▸ **MATERIAL FOR THIS TASK**:

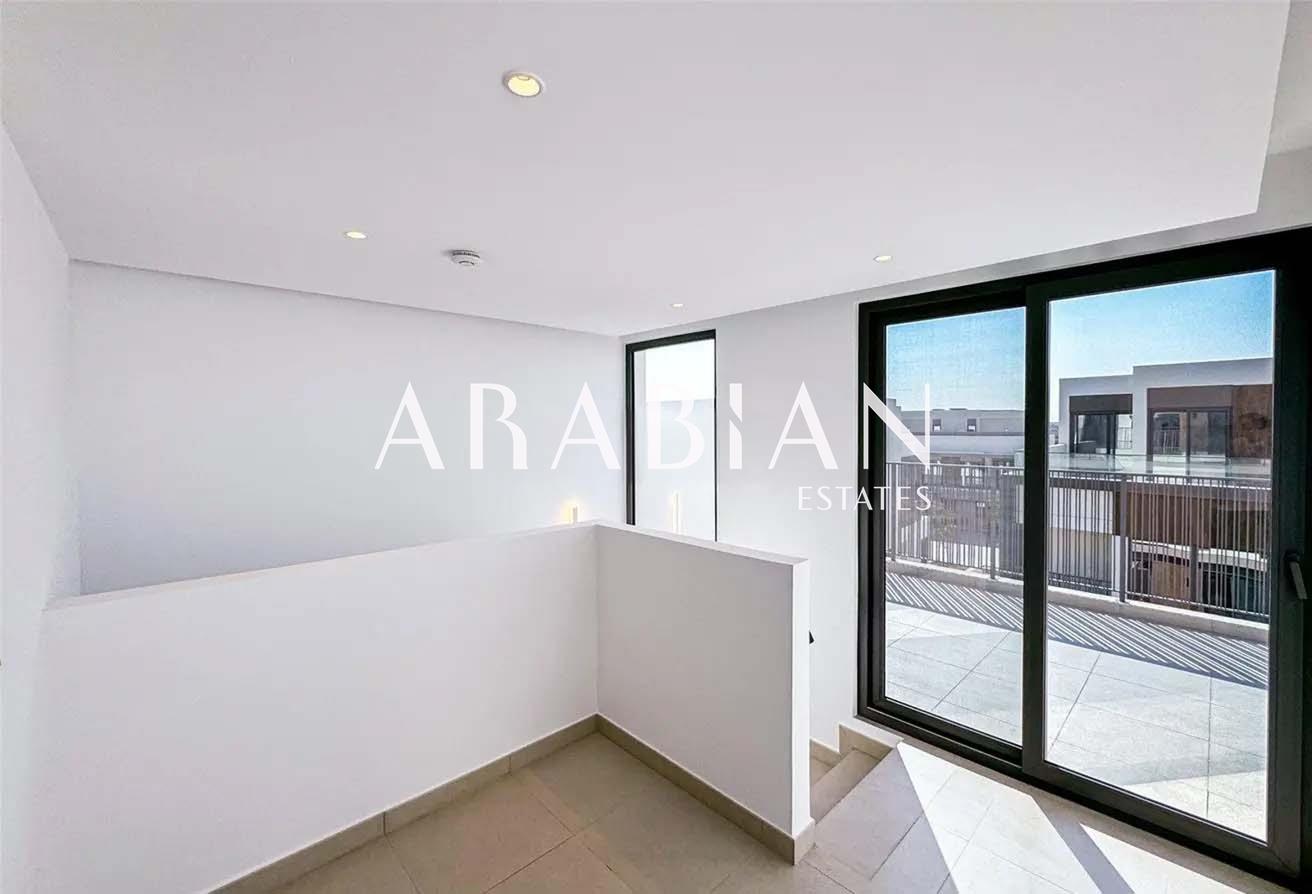Great Location | Vacant Soon | Landscaped photo 8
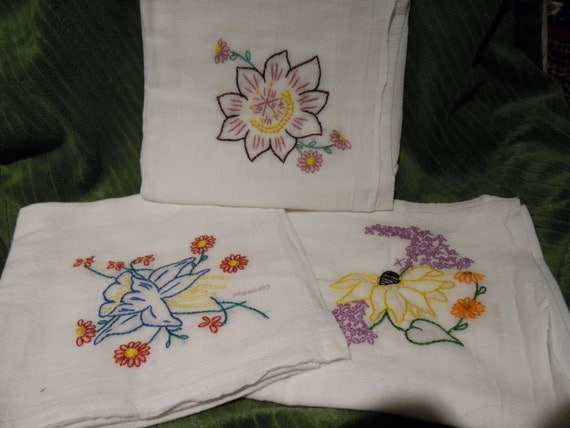 Flour Sack Dish Towels Hand Embroidery lot of 3 flower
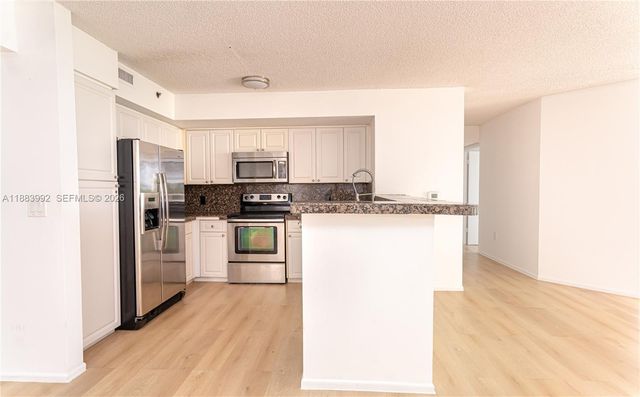 19601 E Country Club Drive 7308, Aventura, FL 33180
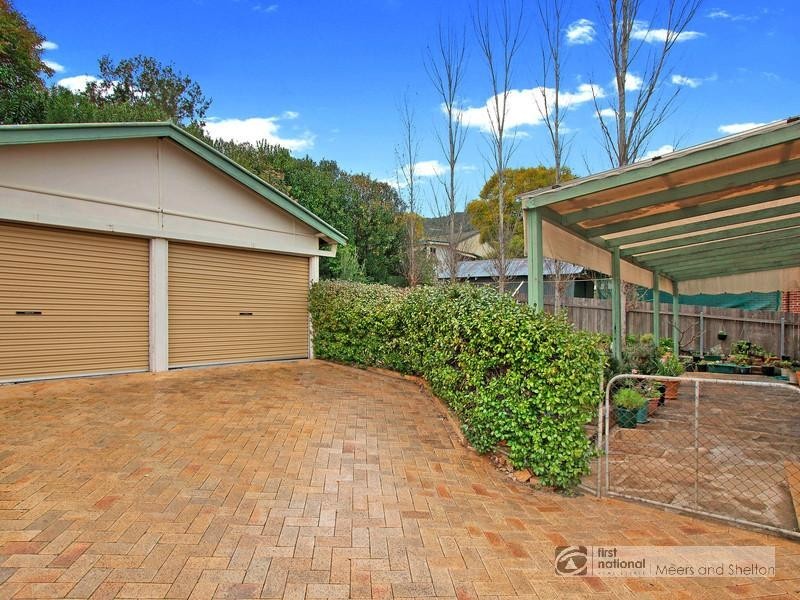 8 Douglas Avenue, Tamworth NSW 2340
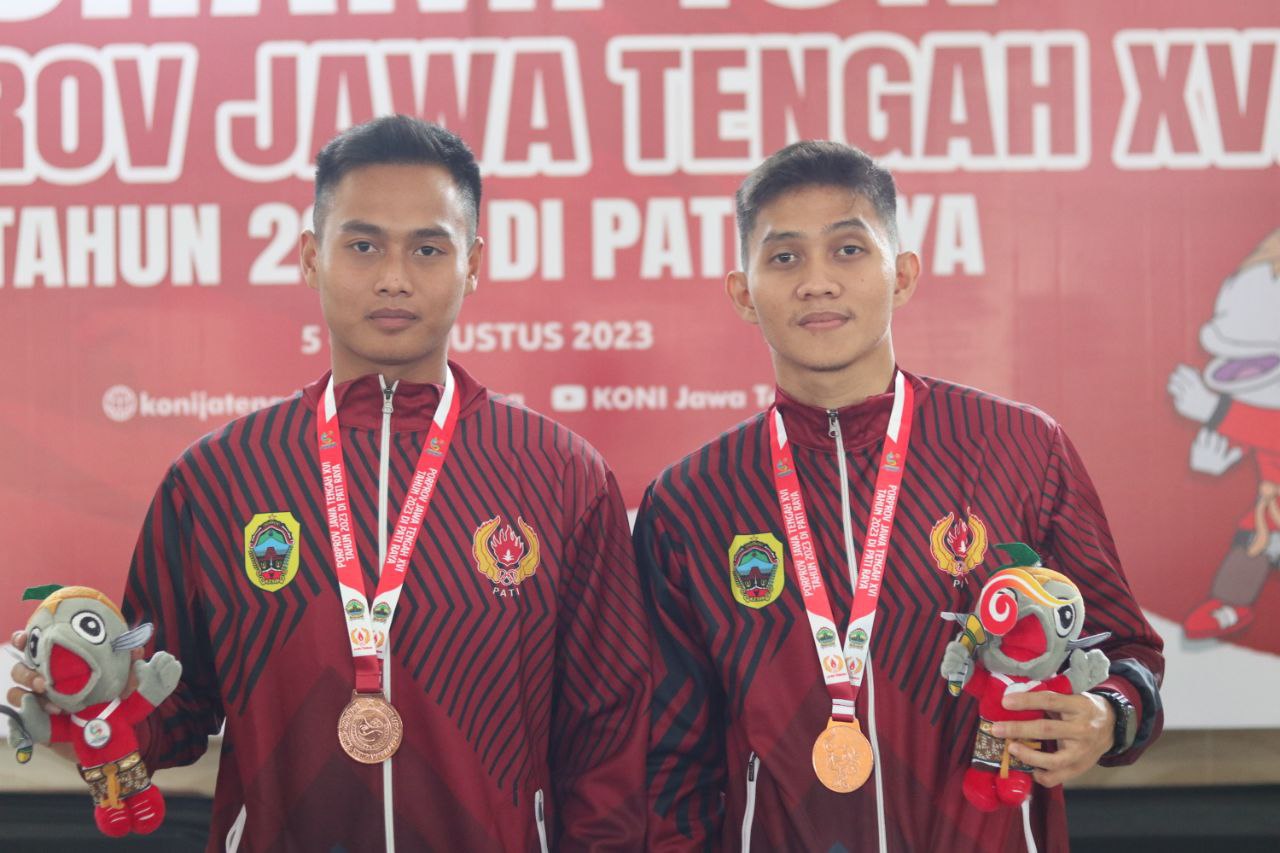 Foto: dua atlet wushu mendapat medali perunggu/ mitrapost.com/ M. Kafi
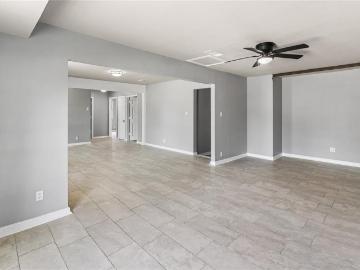 1010 E Lovers Lane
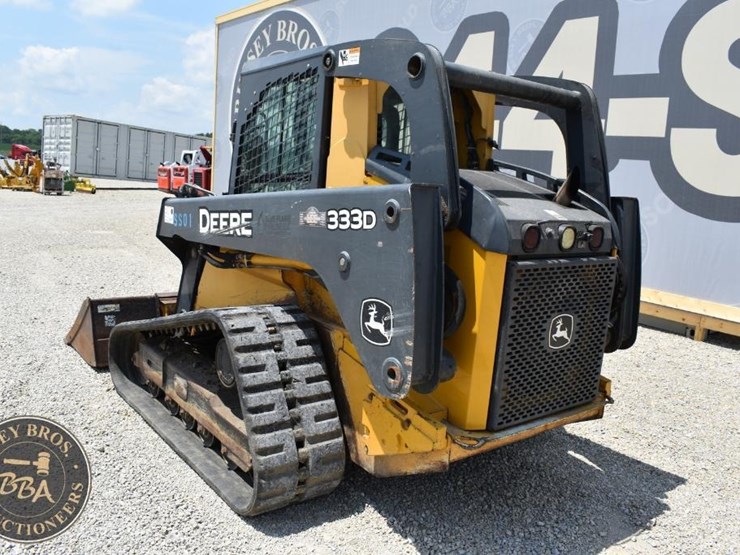 2012-deere-333d-image-8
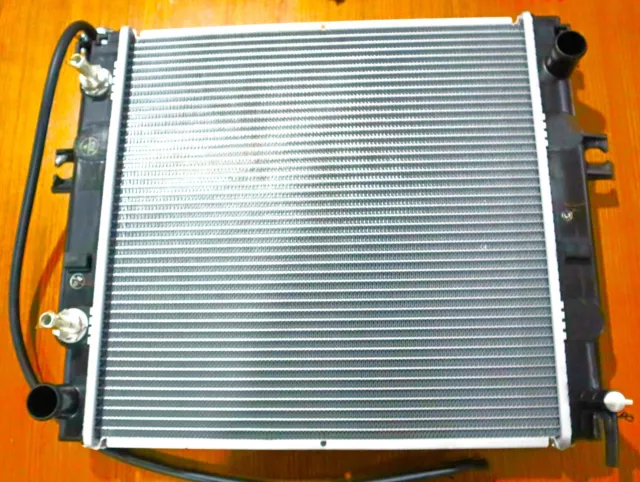 Radiator Suit Mitsubishi / Cat 10 To 20 Models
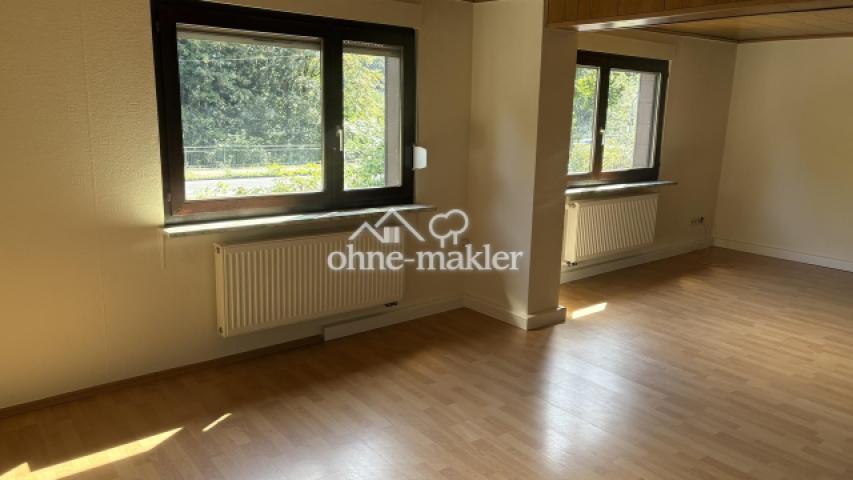 Wohnzimmer u. Esszimmer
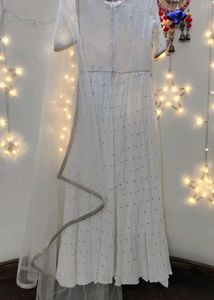 Elegant White Sequined Kurta with Net duppata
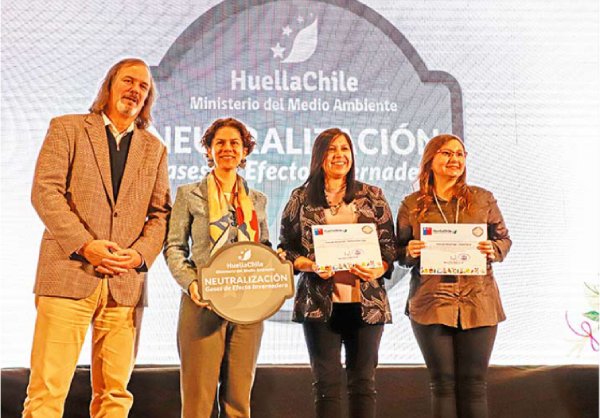 Reconocen a Frutícola Olmué por alcanzar la carbono-neutralidad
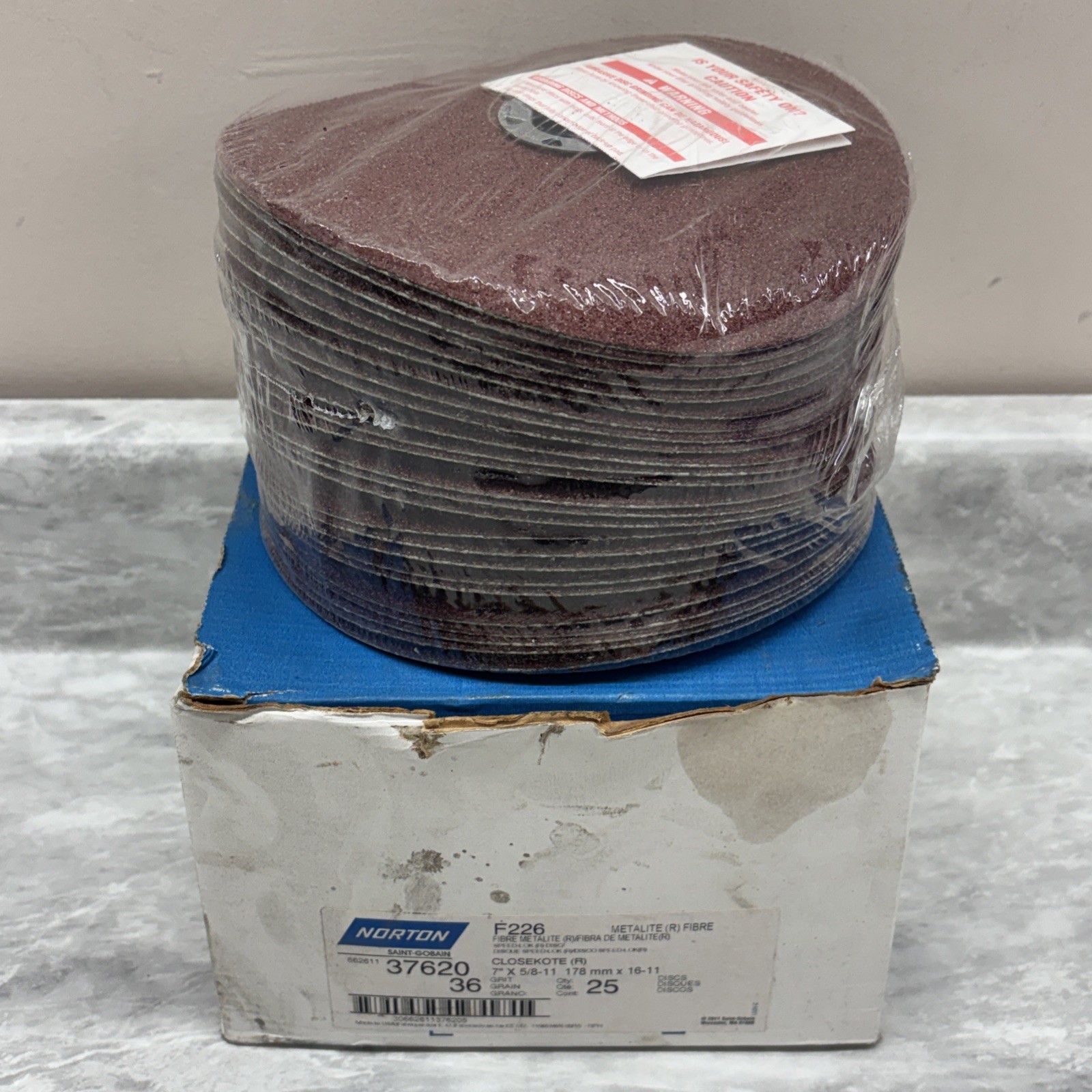 Norton 7″ x 5/8-11 x 178mm x 16-11 36 Grit Fibre Discs 25pcs 66261137620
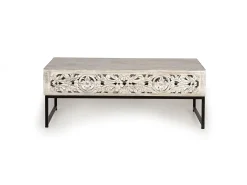 Base da mesa em madeira maciça e pés em metal antigo.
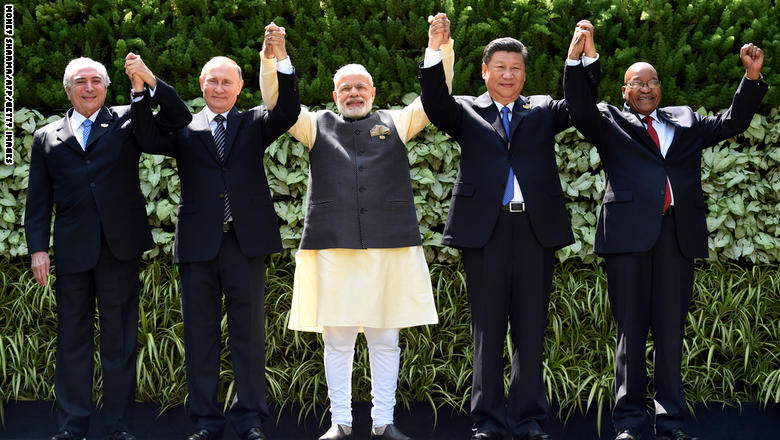 TOPSHOT - (L-R) Brazilian President Michel Temer, Russian President Vladimir Putin, Indian Prime Minister Narendra Modi, Chinese President Xi Jinping and South African President Jacob Zuma pose for a group photo during the BRICS Summit in Goa on October 16, 2016.
Indian Prime Minister Narendra Modi hosted leaders of the BRICS emerging powers at a summit seeking to boost trade ties and help overcome the bloc's economic woes. / AFP / MONEY SHARMA (Photo credit should read MONEY SHARMA/AFP/Getty Images)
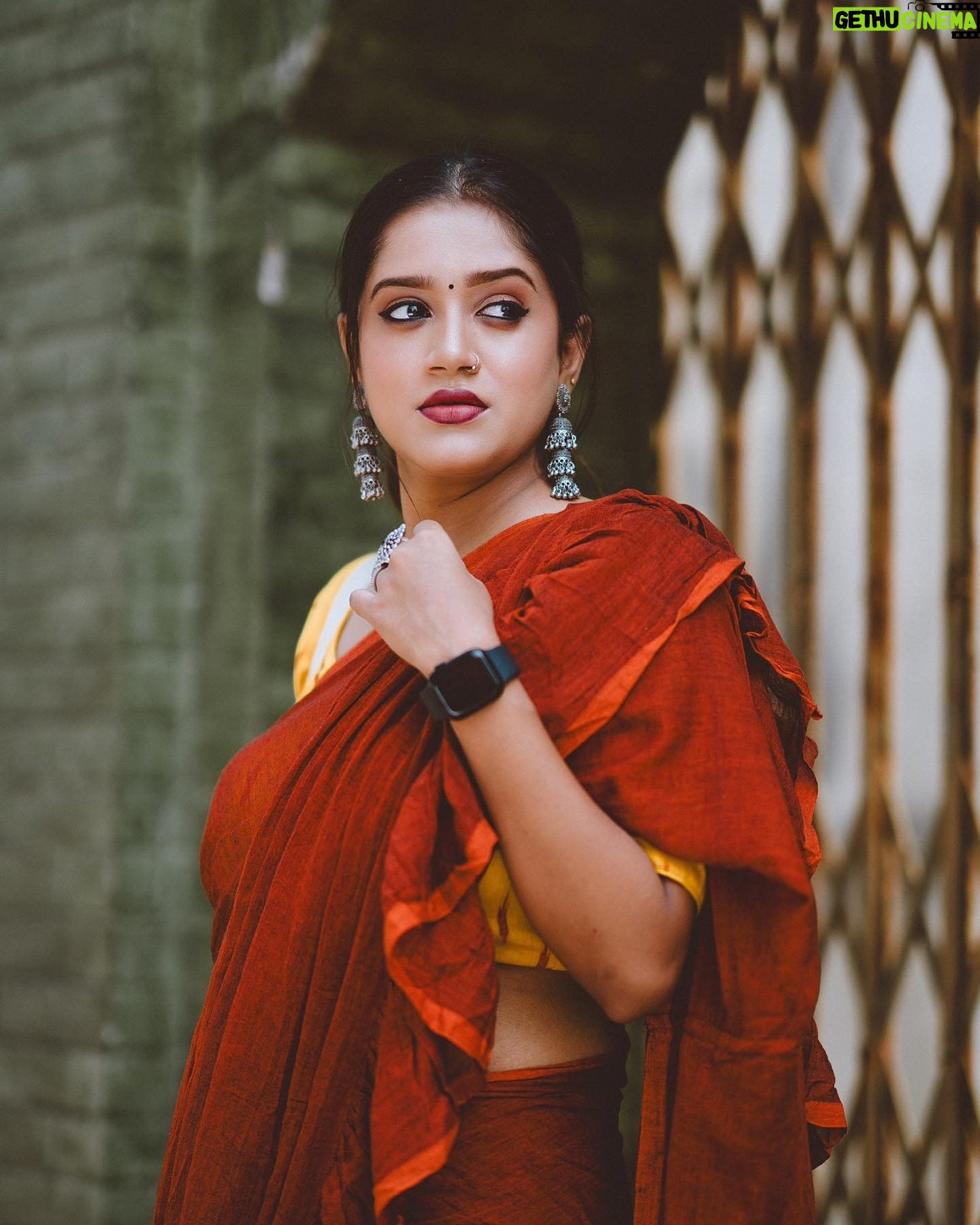 Amritha Menon - 612 Likes - ā ą¦¶ą¦¾ą§ą¦æ ą¦¶ą¦¹ą¦°ą§ą¦° ą¦ą¦¤ą¦æą¦®ą¦Æą¦¼ ą¦ą§ą¦¬ą¦Øą§ą¦° ą¦®ą¦§ą§ą¦Æą§ ą¦ą§ą¦²ą§ą„¤ā
Mua : @_a.more__
#bengaliactress #bengal #saree #streetphotography #beautiful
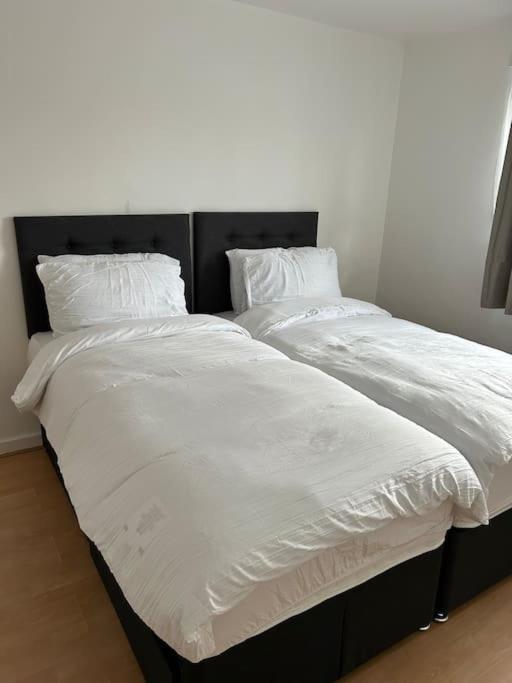 A Luxurious 3 Bed-terrance House Holiday home *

▸ **PROBLEM TO WORK ON**: Please return, exactly as written, the lines from the first line of the records above through the line containing "2012-deere-333d-image-8", both included, leaving out any pictures.

▸ **SOLUTION FOR THIS PROBLEM**:
Great Location | Vacant Soon | Landscaped photo 8
 Flour Sack Dish Towels Hand Embroidery lot of 3 flower
 19601 E Country Club Drive 7308, Aventura, FL 33180
 8 Douglas Avenue, Tamworth NSW 2340
 Foto: dua atlet wushu mendapat medali perunggu/ mitrapost.com/ M. Kafi
 1010 E Lovers Lane
 2012-deere-333d-image-8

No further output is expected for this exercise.